[Provided material Boundary: Start]

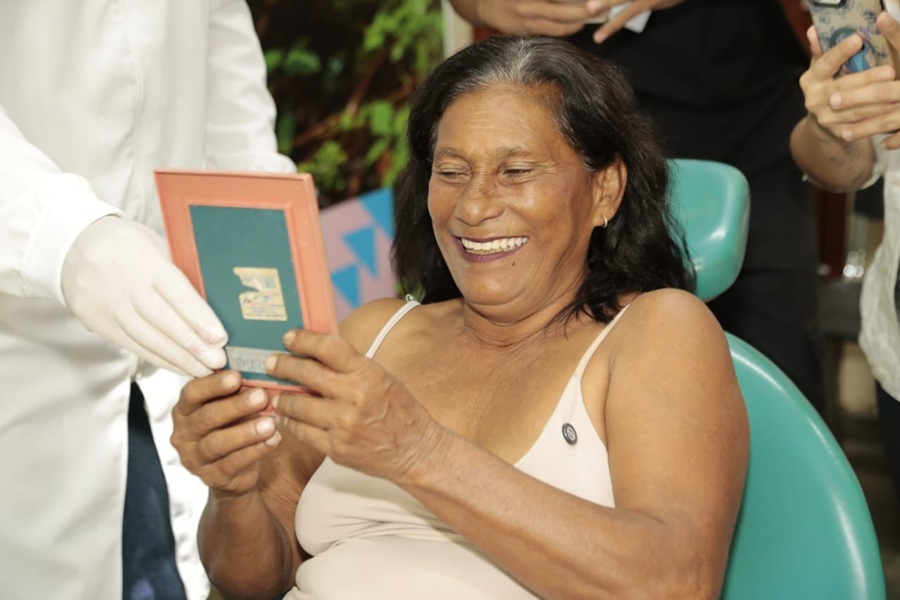 'Hoje eu sou uma outra mulher', diz paciente ao receber prótese dentária pelo programa Mais Sorriso do Governo do Amapá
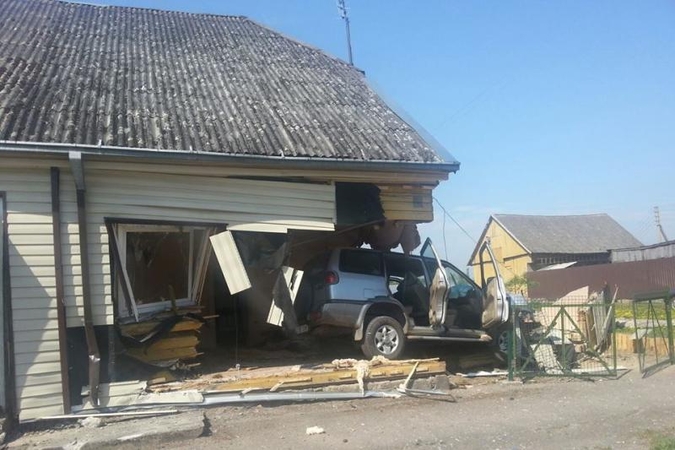 Kauno rajone visureigis sugriovė pusę namo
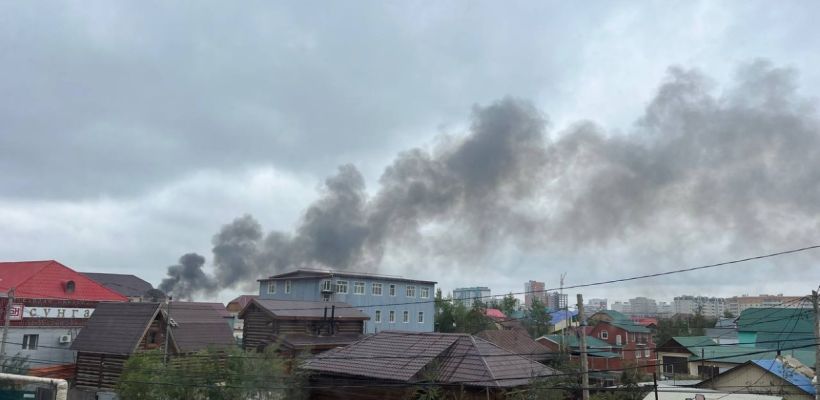 Пожар на Пекарского в Якутске: сгорел гараж с автомобилем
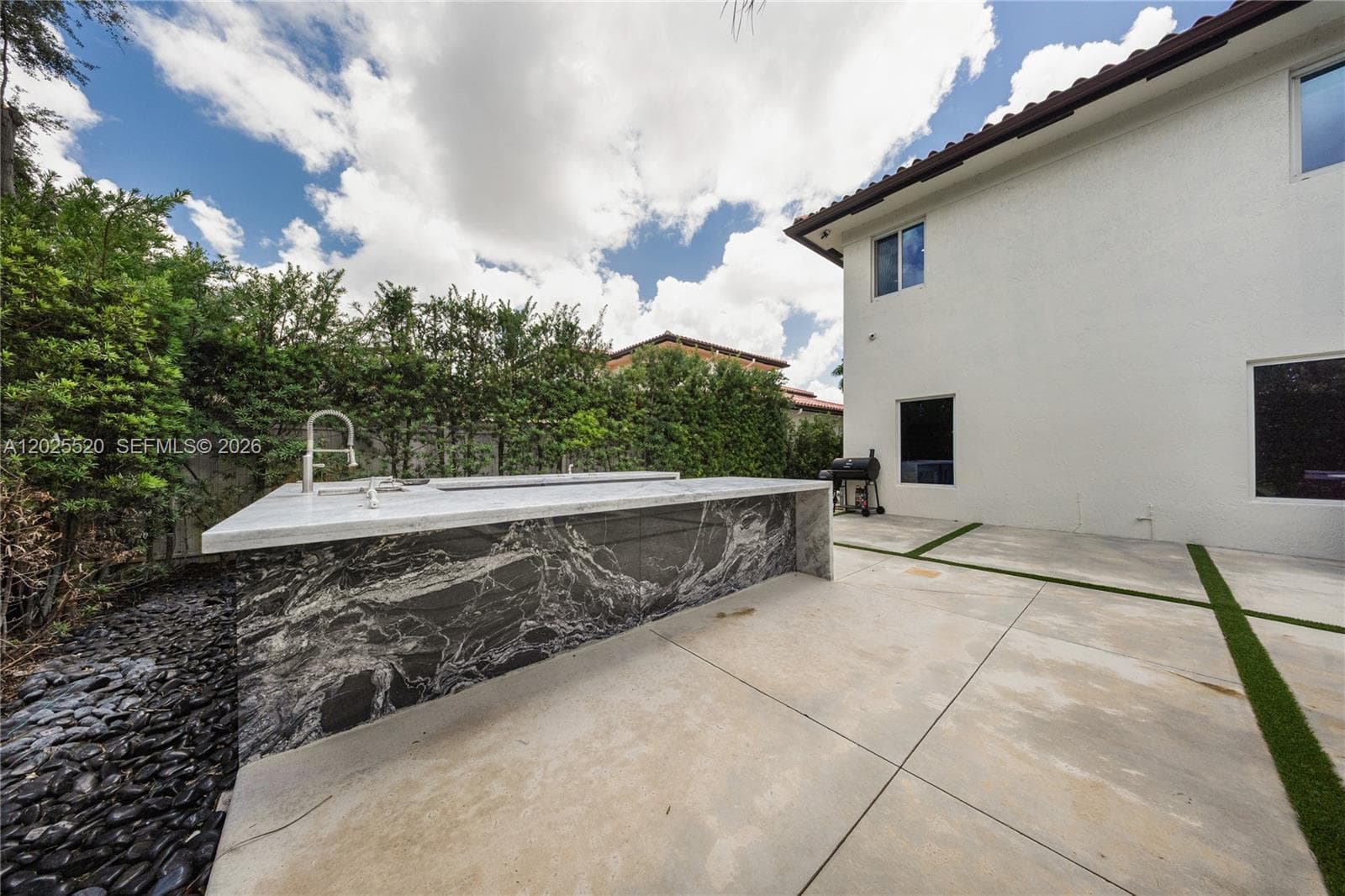 15721 NW 79th Ct, Miami Lakes FL 33016 — 55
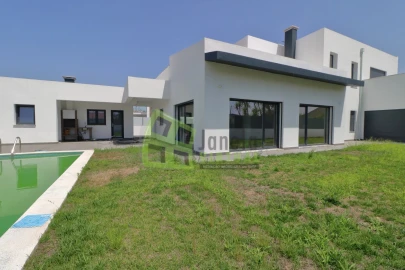 Moradia T5 para Venda em Azeitão (São Lourenço e São Simão)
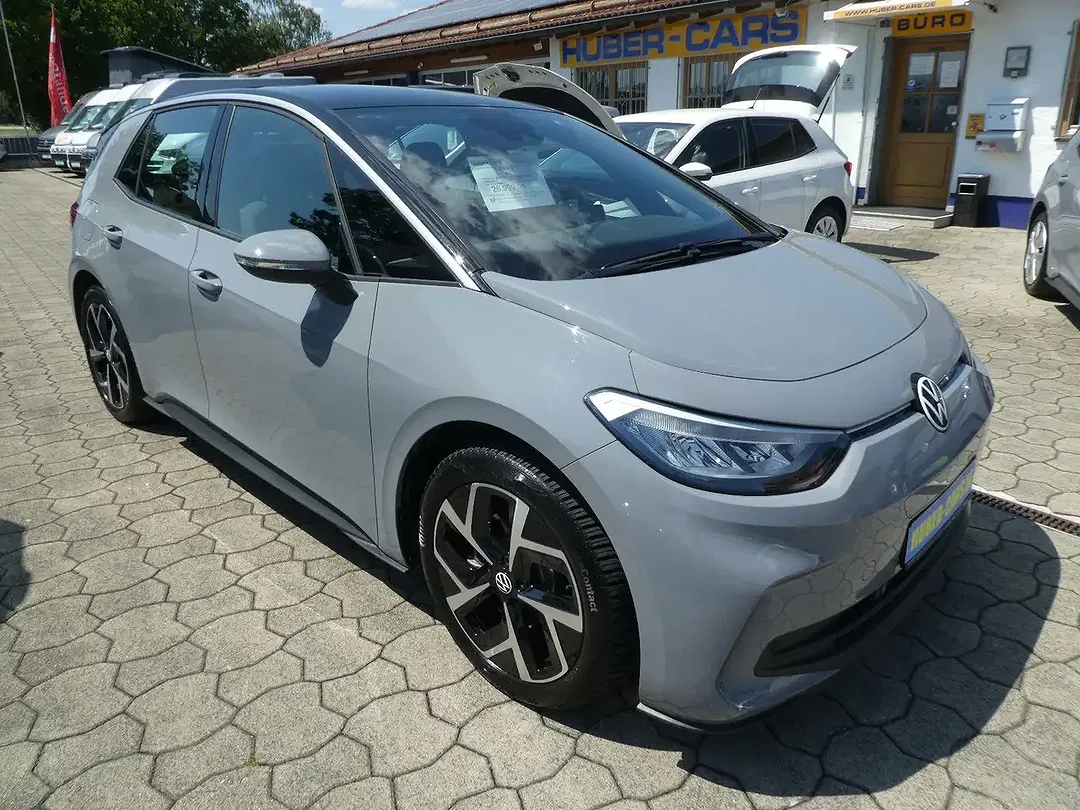 Volkswagen ID.3 Pro - Thumbnail 4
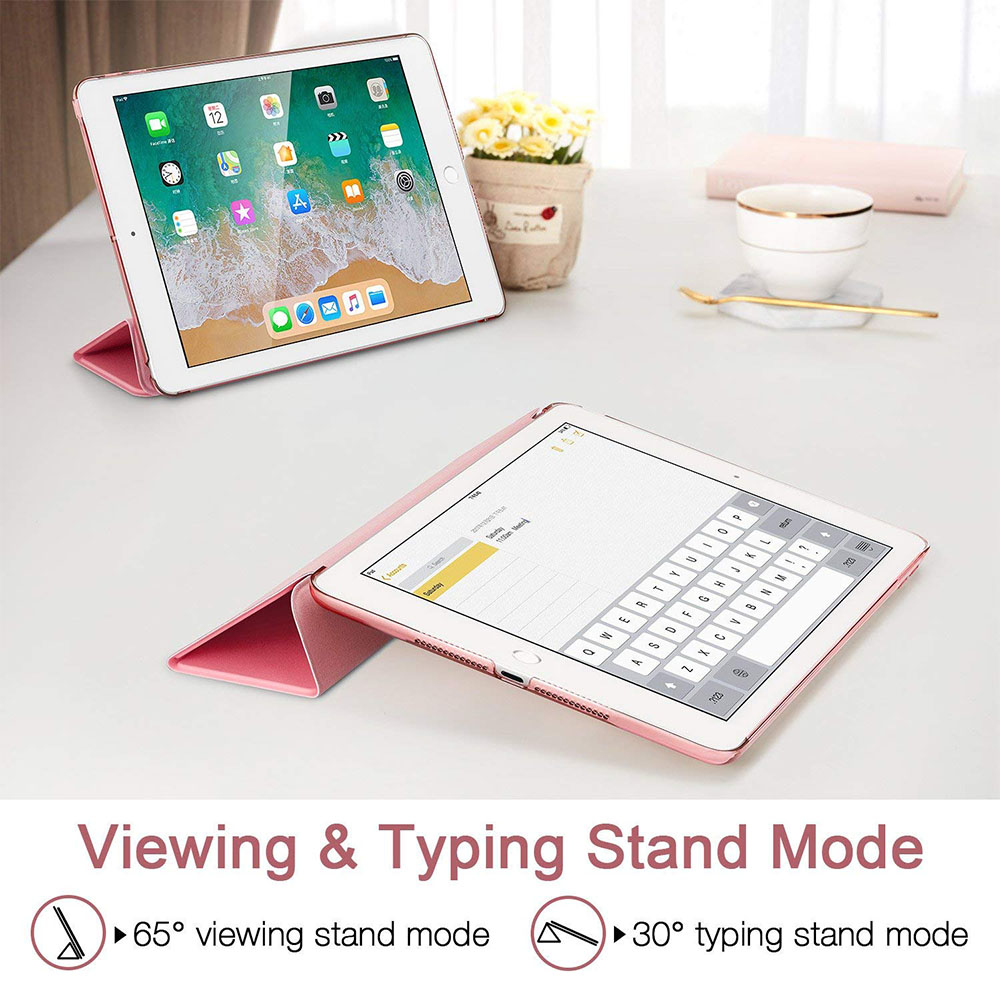 Zwei iPads auf einem Tisch, eines beim Tippen, eines im Stand-Modus. Rosa Hülle mit Text: Viewing & Typing Stand Mode.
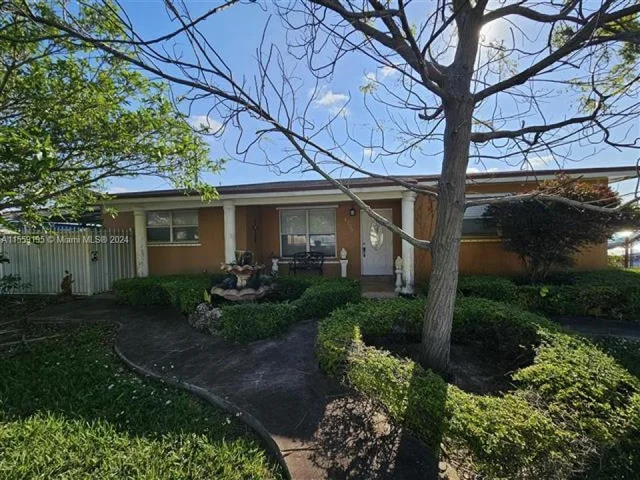 4225 SW 87th Ave, Miami FL 33165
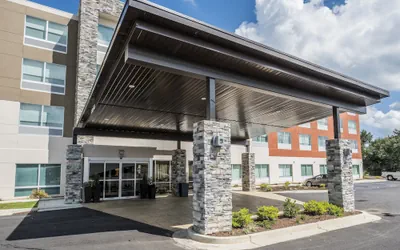 Holiday Inn Express & Suites Commerce by IHG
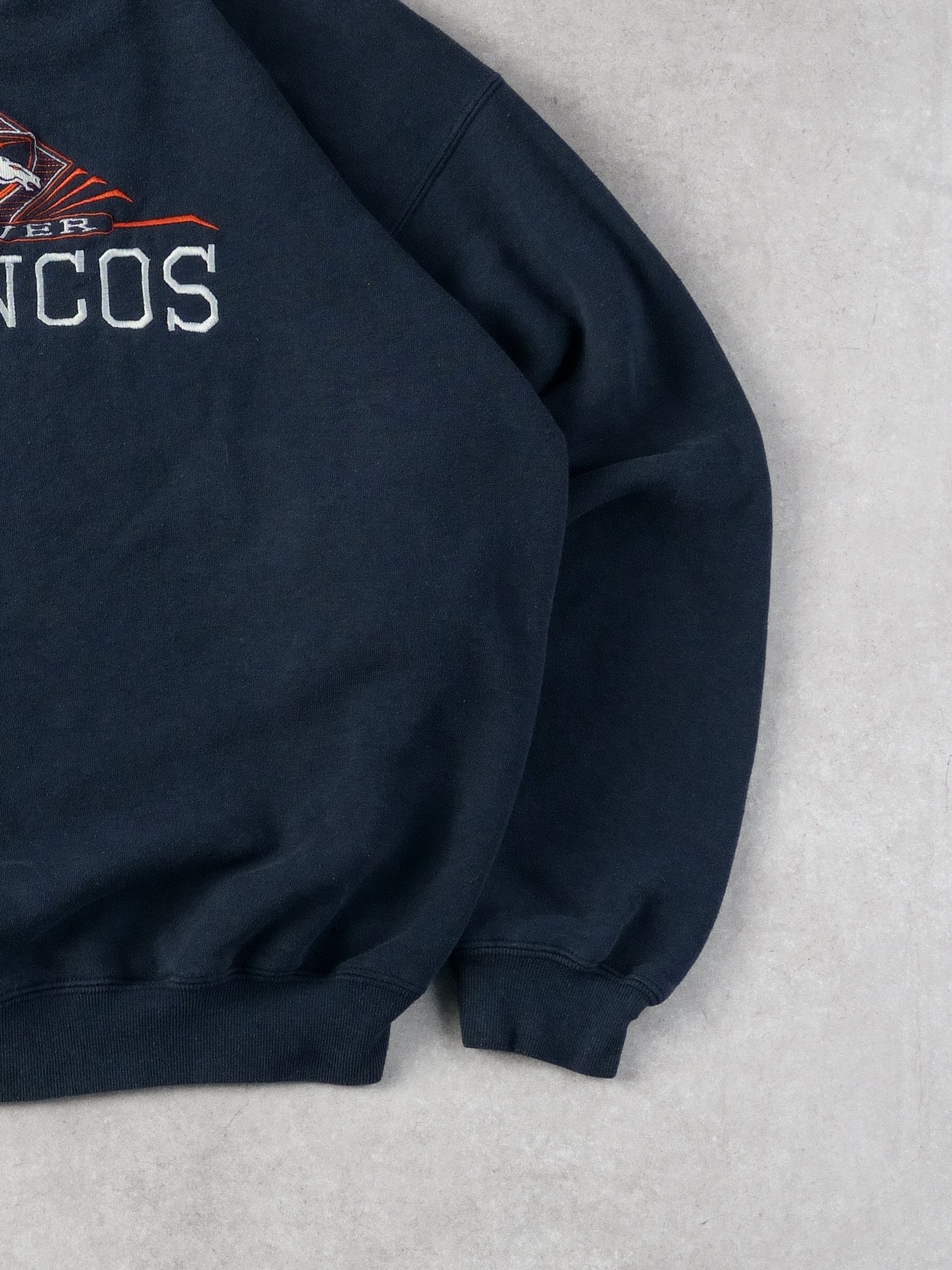 Vintage 90s Navy Blue Denever Broncos Graphic Crewneck (L)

[Provided material Boundary: End]

* **Task prompt**: Only the lines from the one containing "Zwei iPads auf" through the last line of the data above, both included, belong in the reply, each restated exactly and without pictures.

* **Response to the task**:
 Zwei iPads auf einem Tisch, eines beim Tippen, eines im Stand-Modus. Rosa Hülle mit Text: Viewing & Typing Stand Mode.
 4225 SW 87th Ave, Miami FL 33165
 Holiday Inn Express & Suites Commerce by IHG
 Vintage 90s Navy Blue Denever Broncos Graphic Crewneck (L)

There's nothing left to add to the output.